--- Entries shown Enclosed Below ---

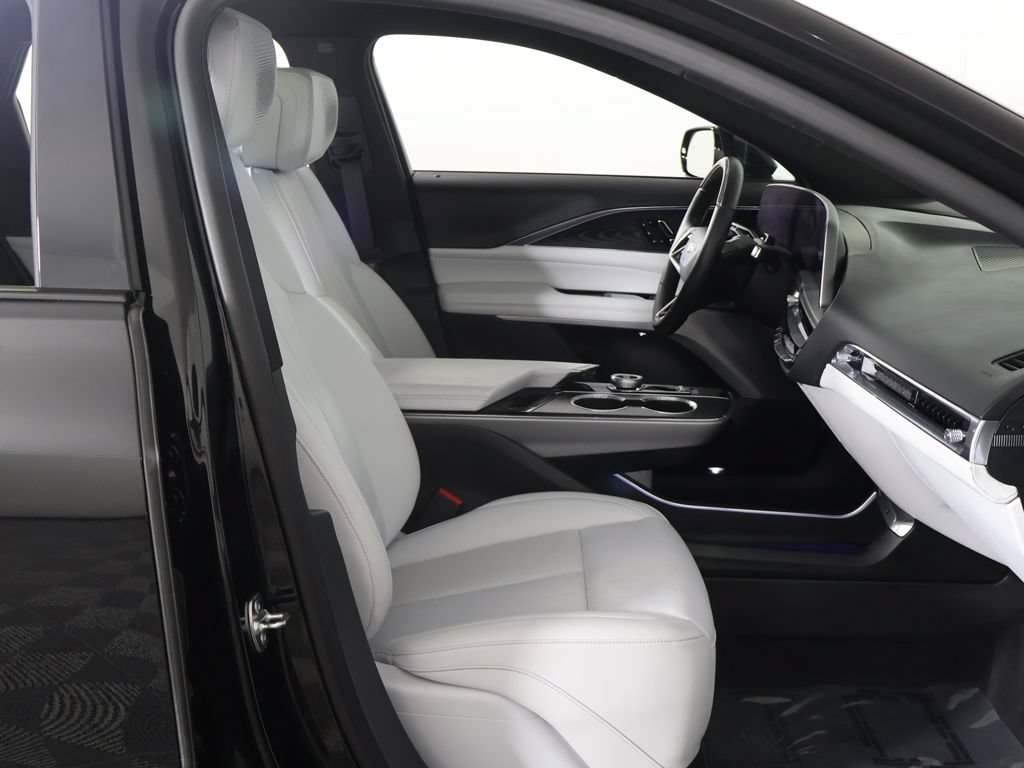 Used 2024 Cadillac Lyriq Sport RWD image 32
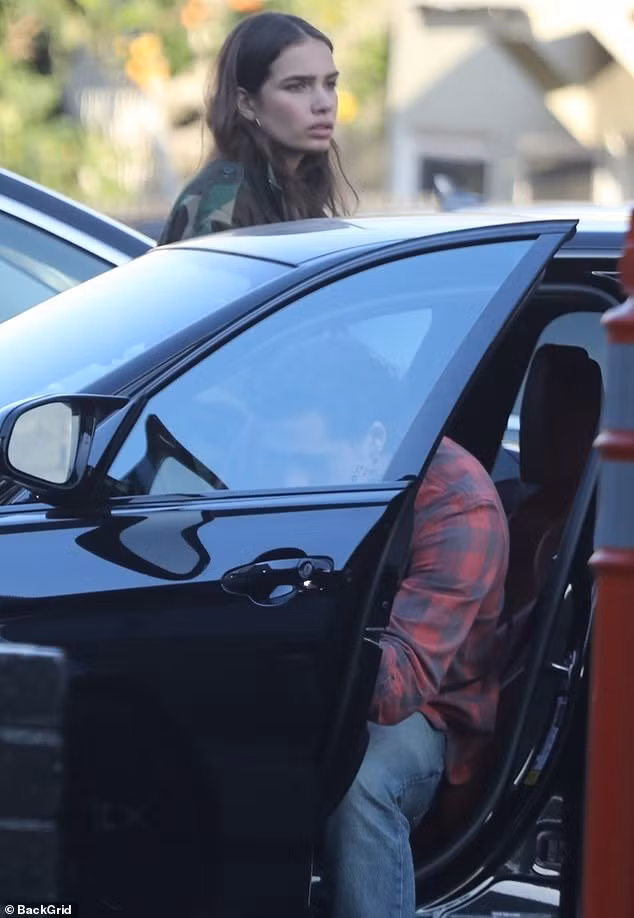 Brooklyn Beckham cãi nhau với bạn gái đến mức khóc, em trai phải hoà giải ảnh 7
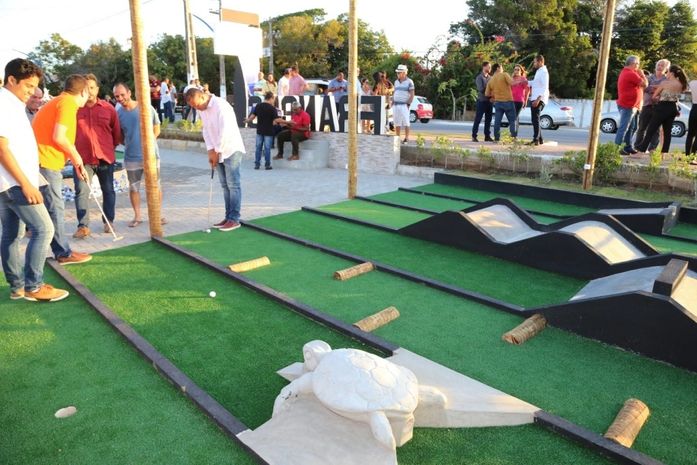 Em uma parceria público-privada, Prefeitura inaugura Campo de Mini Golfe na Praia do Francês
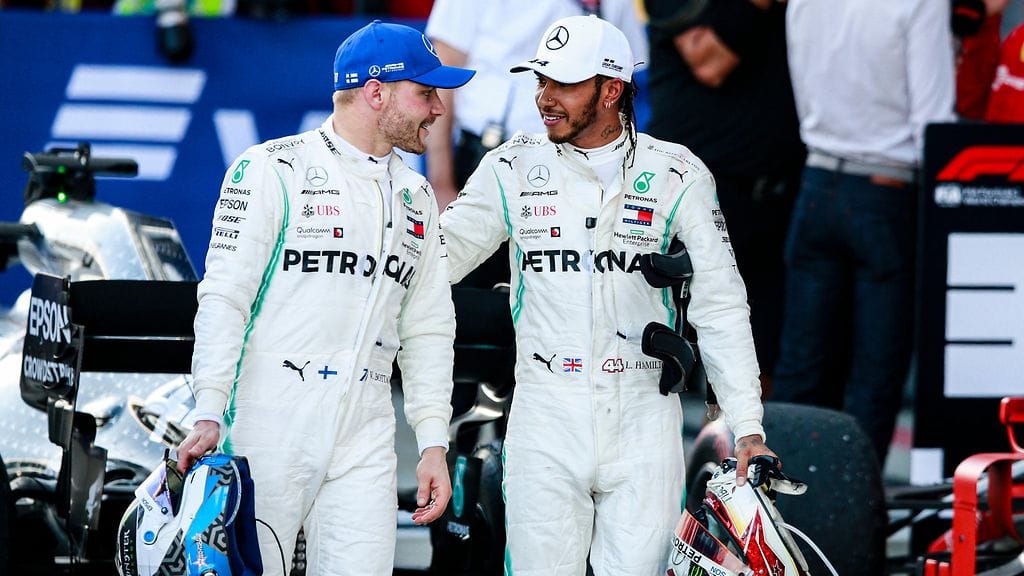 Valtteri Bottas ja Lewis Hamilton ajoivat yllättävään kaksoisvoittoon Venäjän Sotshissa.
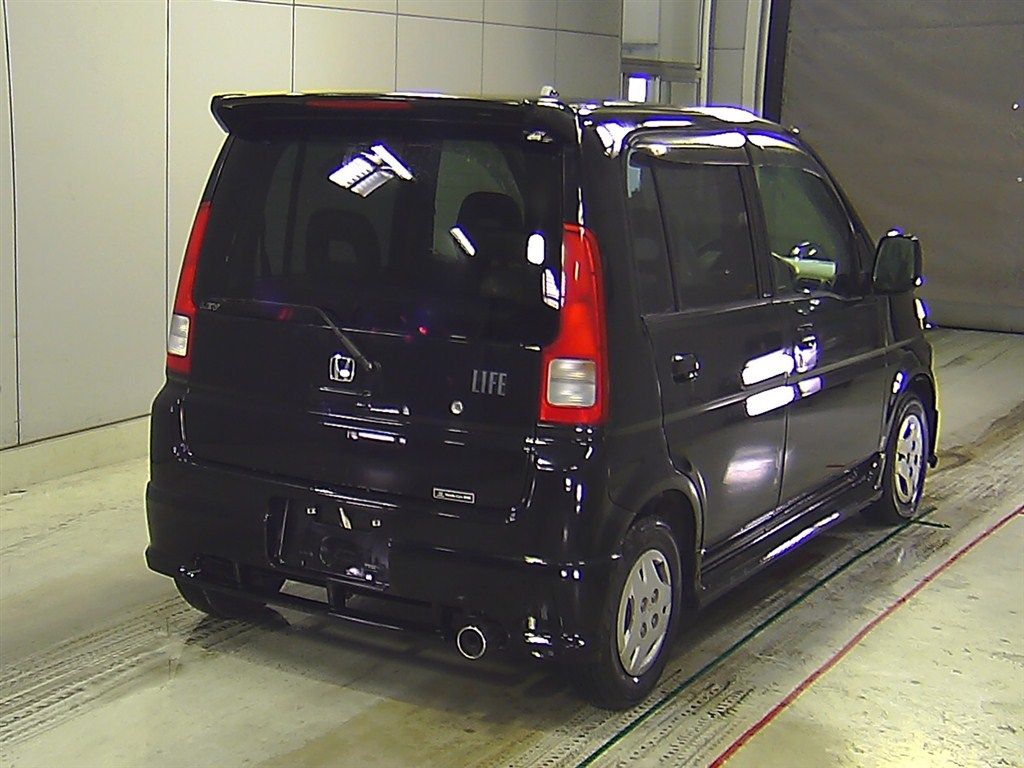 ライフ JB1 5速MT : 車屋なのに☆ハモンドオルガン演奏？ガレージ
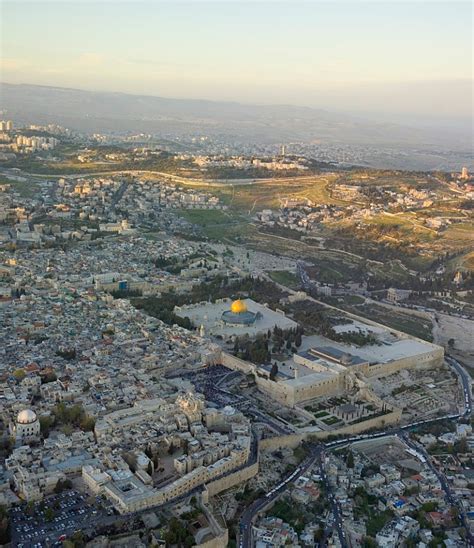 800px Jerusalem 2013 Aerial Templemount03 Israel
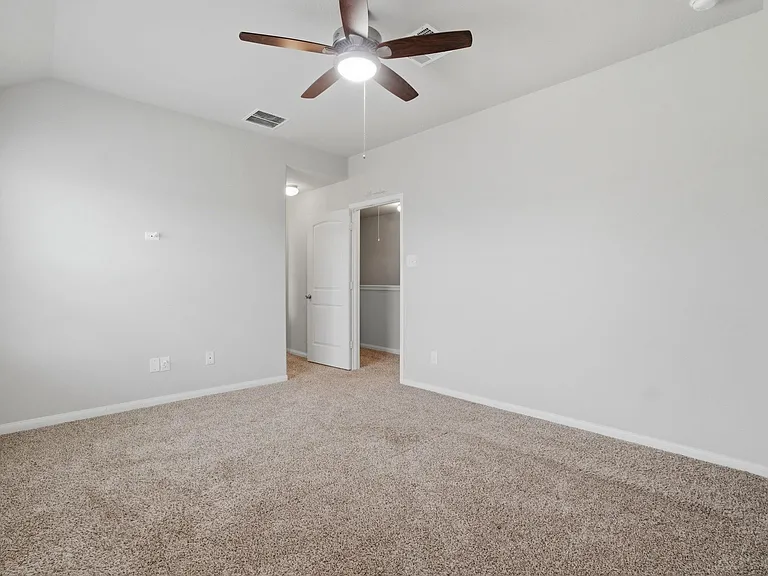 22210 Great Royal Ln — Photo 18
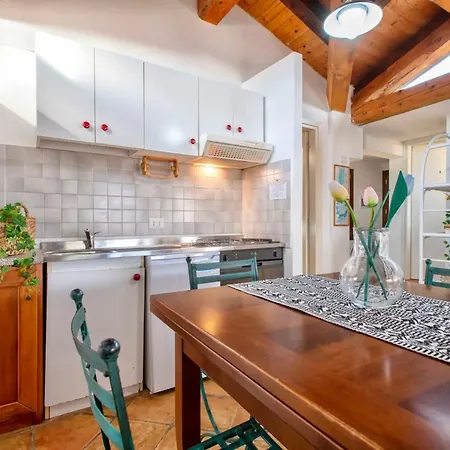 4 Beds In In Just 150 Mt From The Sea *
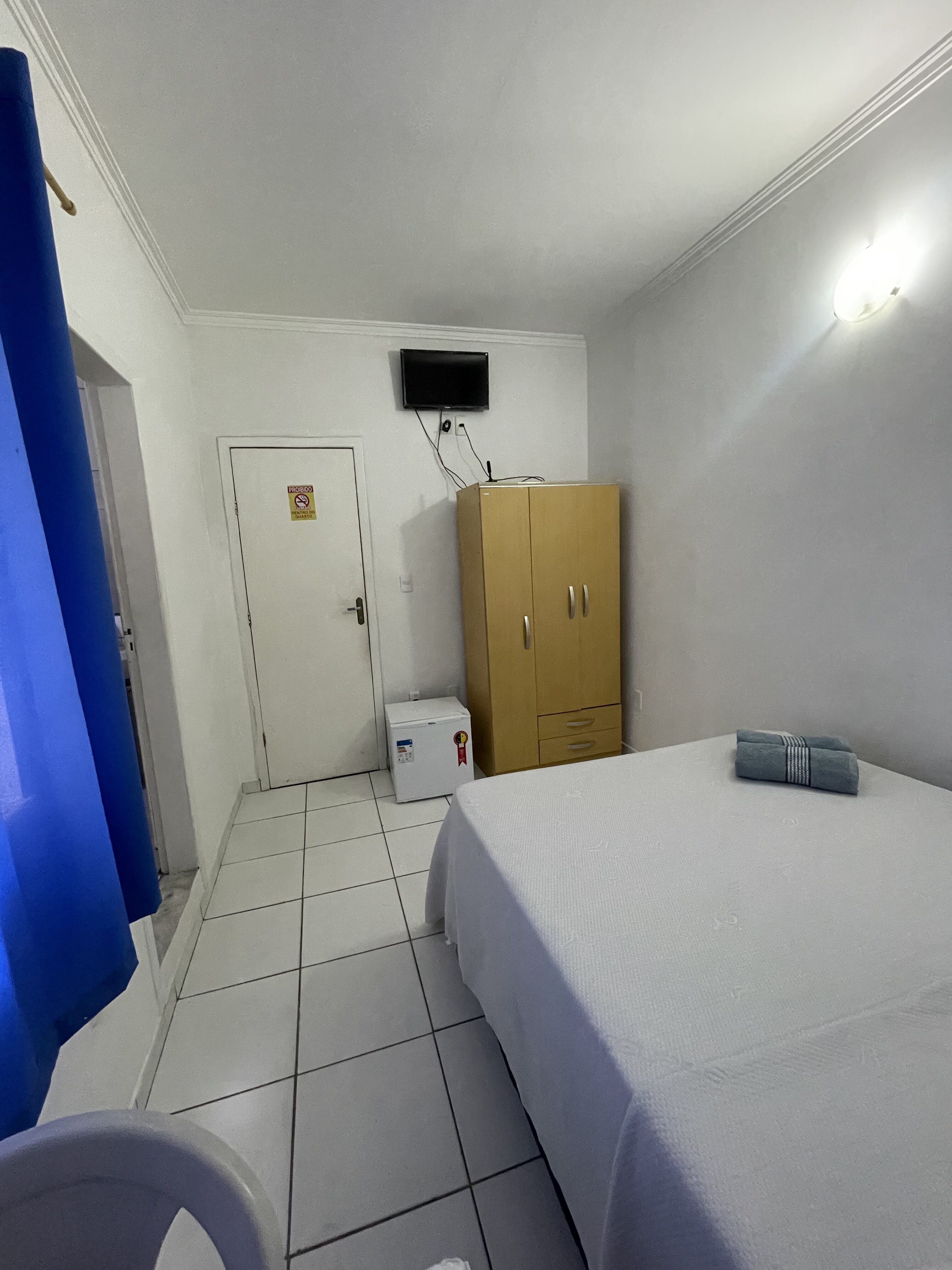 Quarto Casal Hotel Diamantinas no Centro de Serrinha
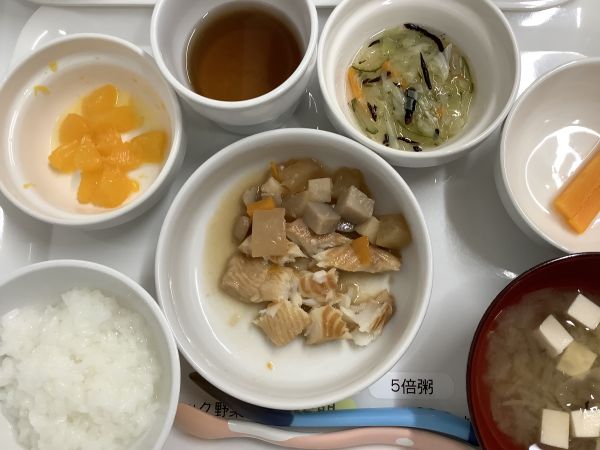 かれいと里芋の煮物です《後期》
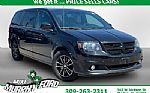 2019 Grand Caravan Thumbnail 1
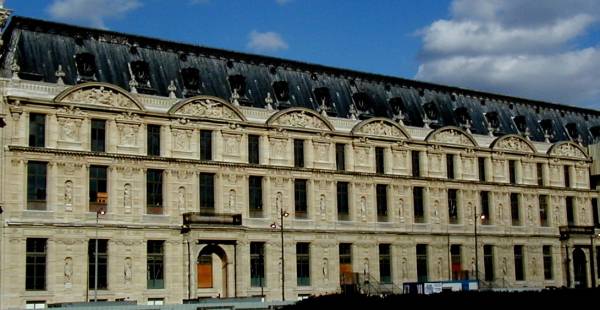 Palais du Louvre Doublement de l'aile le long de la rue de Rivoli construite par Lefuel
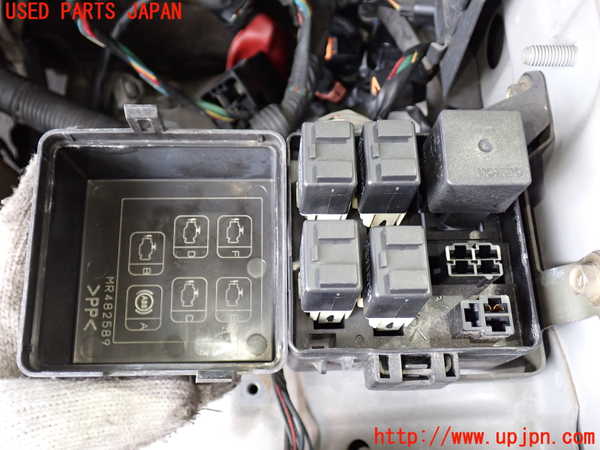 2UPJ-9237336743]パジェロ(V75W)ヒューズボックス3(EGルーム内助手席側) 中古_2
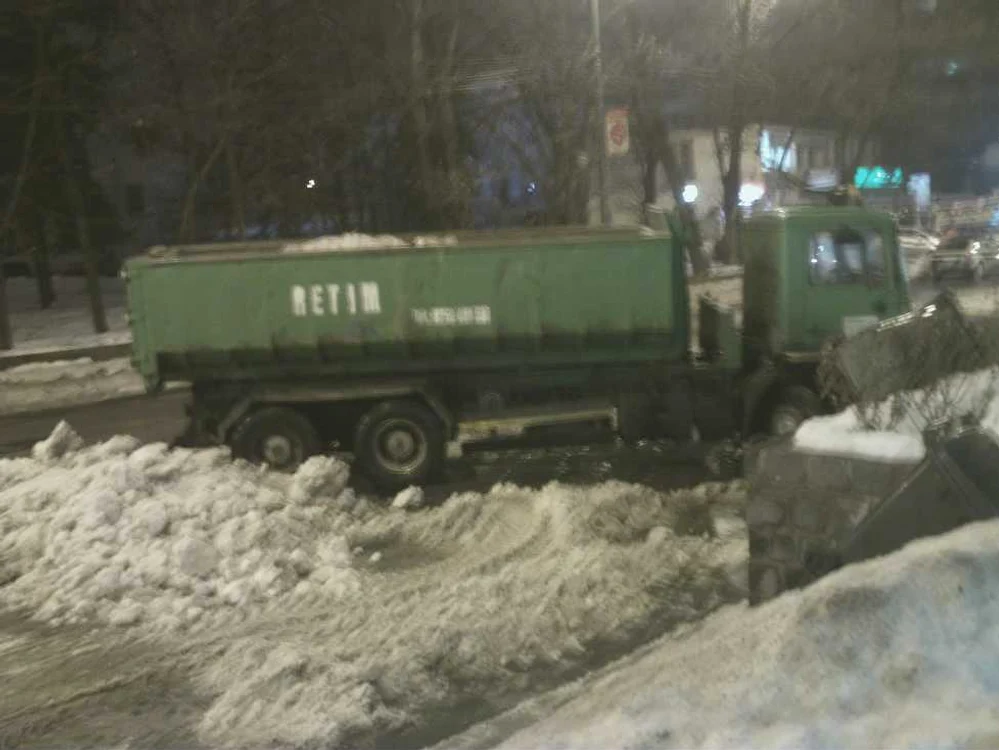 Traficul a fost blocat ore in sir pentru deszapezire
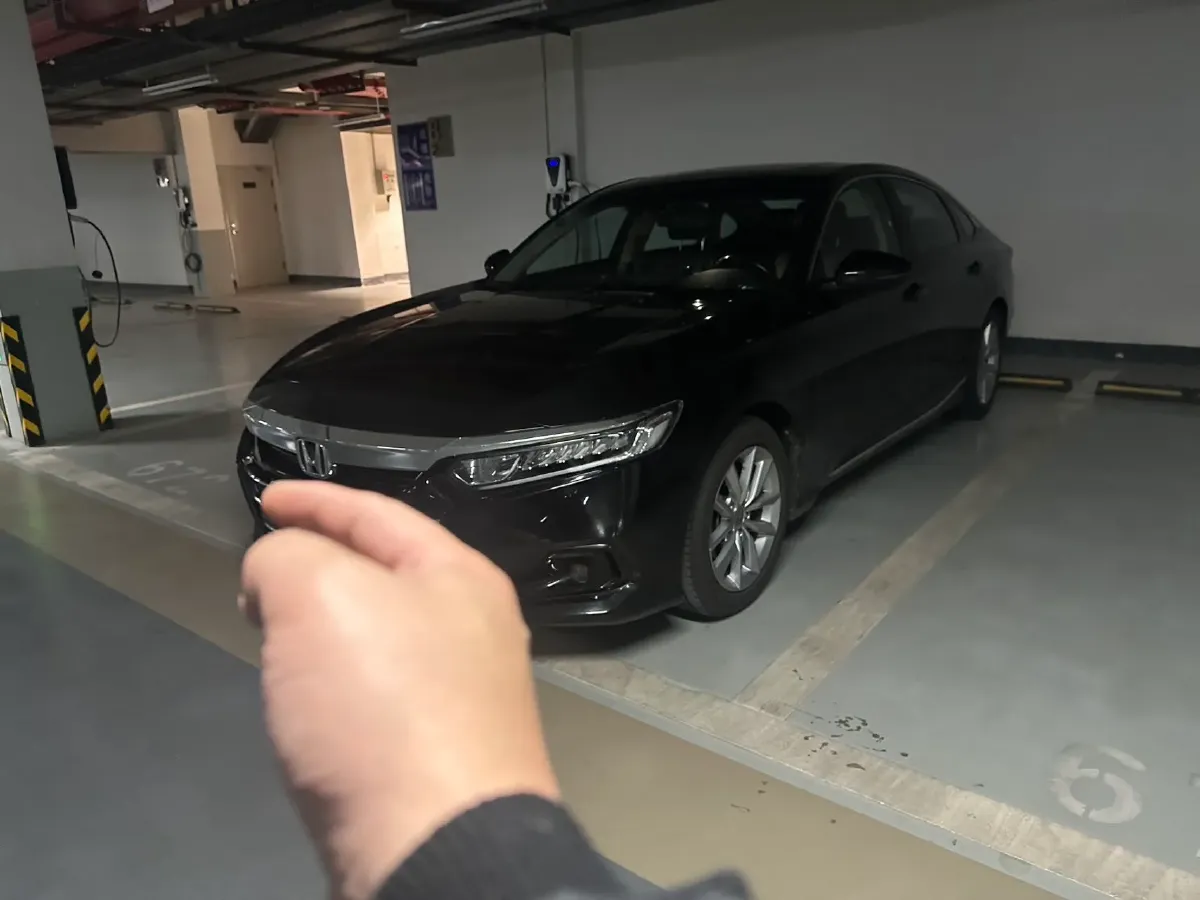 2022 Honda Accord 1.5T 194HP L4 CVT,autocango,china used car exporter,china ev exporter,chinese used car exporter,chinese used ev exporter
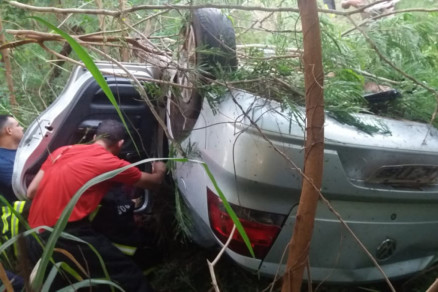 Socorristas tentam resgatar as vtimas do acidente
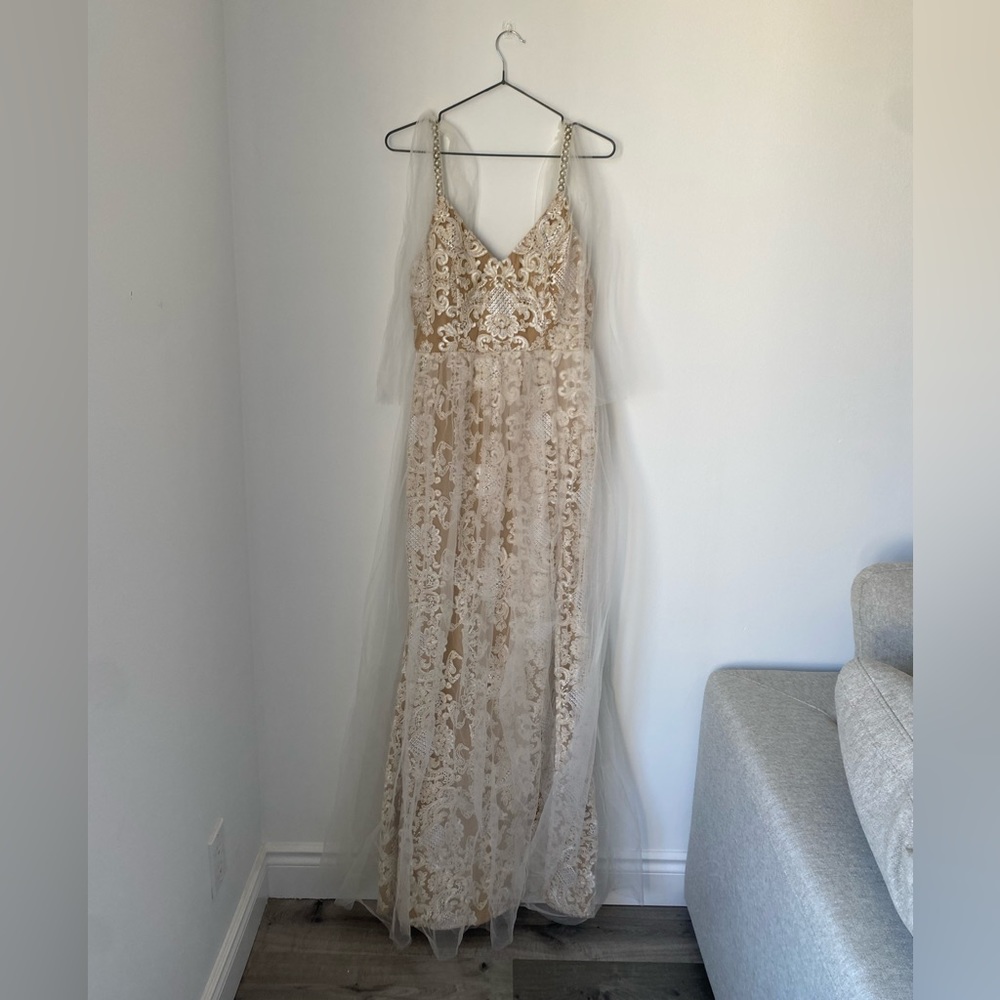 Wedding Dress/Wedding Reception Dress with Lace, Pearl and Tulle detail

--- End of Enclosed Entries shown ---

What you need to do: Your task is to repeat exactly the lines from the beginning of the data to the line that contains "4 Beds In In Just 150 Mt From The Sea *", both ends included, leaving out pictures.

Your solution:
 Used 2024 Cadillac Lyriq Sport RWD image 32
 Brooklyn Beckham cãi nhau với bạn gái đến mức khóc, em trai phải hoà giải ảnh 7
 Em uma parceria público-privada, Prefeitura inaugura Campo de Mini Golfe na Praia do Francês
 Valtteri Bottas ja Lewis Hamilton ajoivat yllättävään kaksoisvoittoon Venäjän Sotshissa.
 ライフ JB1 5速MT : 車屋なのに☆ハモンドオルガン演奏？ガレージ
 800px Jerusalem 2013 Aerial Templemount03 Israel
 22210 Great Royal Ln — Photo 18
 4 Beds In In Just 150 Mt From The Sea *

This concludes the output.